正月六日の爪切りで解ける禁
どんな伝承か
文部省の迷信調査協議会が昭和二十一年に全国の小学校を通じて集めた慣習調査から、第三章「縁起、言い習わし集」の時・日・季節に関する項に載る秋田県農村の言い伝え。正月の六日に爪を切ると、その後はどんな時に切ってもよいという。同じ項には丑の日に爪を切ると爪が割れるという秋田県・宮崎県の報告も並び、爪を切る日を選ぶ言い伝えが各地から集まっている。巻末の暦法の解説でも、正月六日に爪を切れば後はいつ切ってもよいという秋田県の例として再び挙げられている。
※伝承地の場所は必ずしも正確ではありません
出典の文献について
日本の俗信 1――迷信の実態(文部省迷信調査協議会・日本の俗信・昭和24年(1949))
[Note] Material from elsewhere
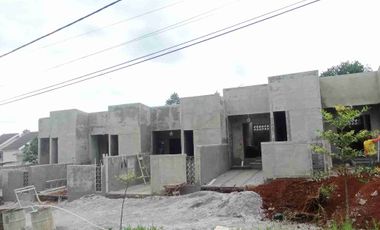 RUMAH TIPE CASA KOTA BARU ARJASARI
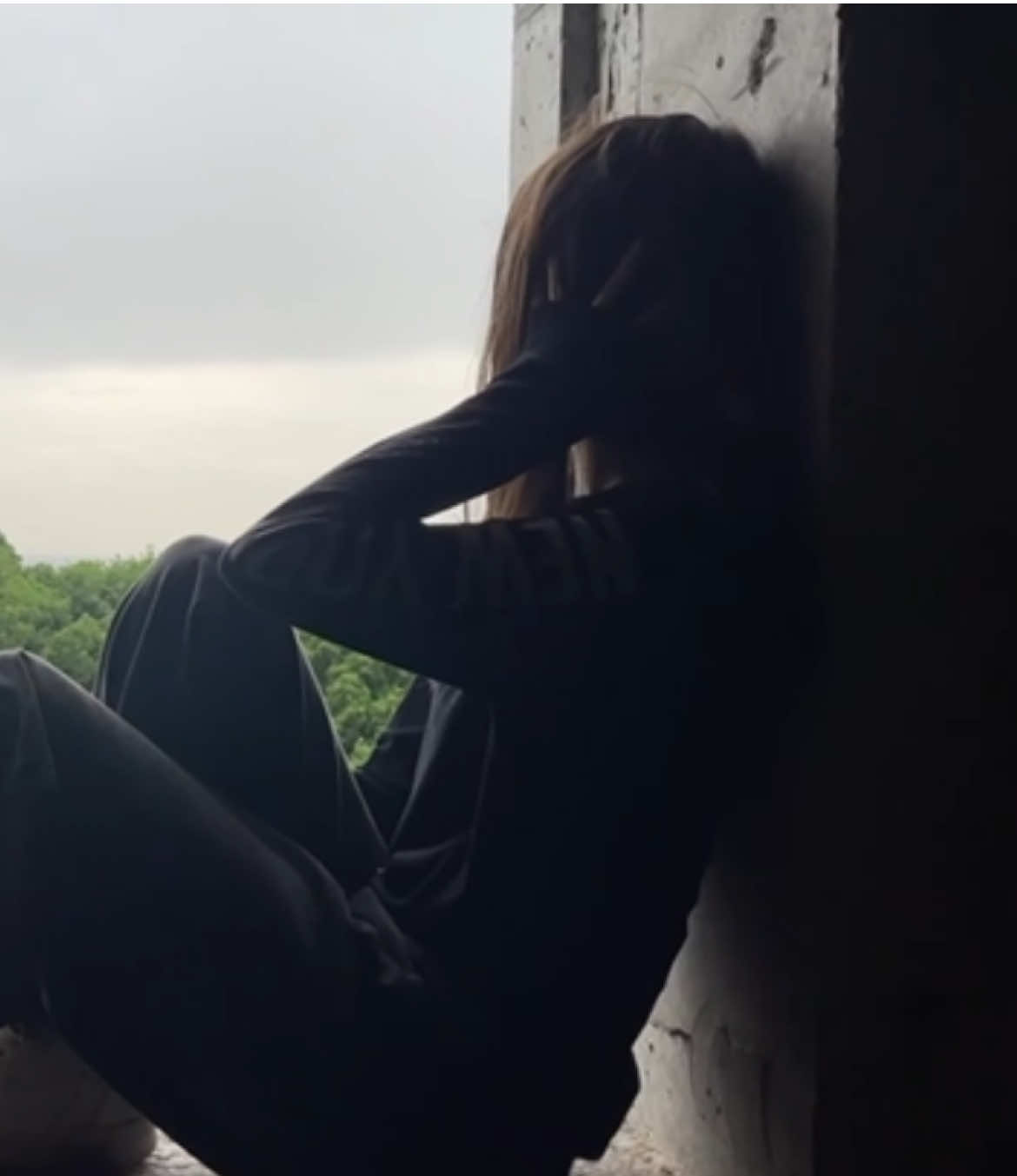 @ТГК: да не милана я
文部省迷信調査協議会『日本の俗信1―迷信の実態』(昭和二十四年)。戦後の文化国家建設を背景に、昭和二十一年から宇野圓空を委員長とし今野圓輔・森秀男・古畑正秋らの人文・自然科学者・迷信研究家が、全国の児童生徒・教師を通じて行った大規模な迷信実態調査の第一回報告。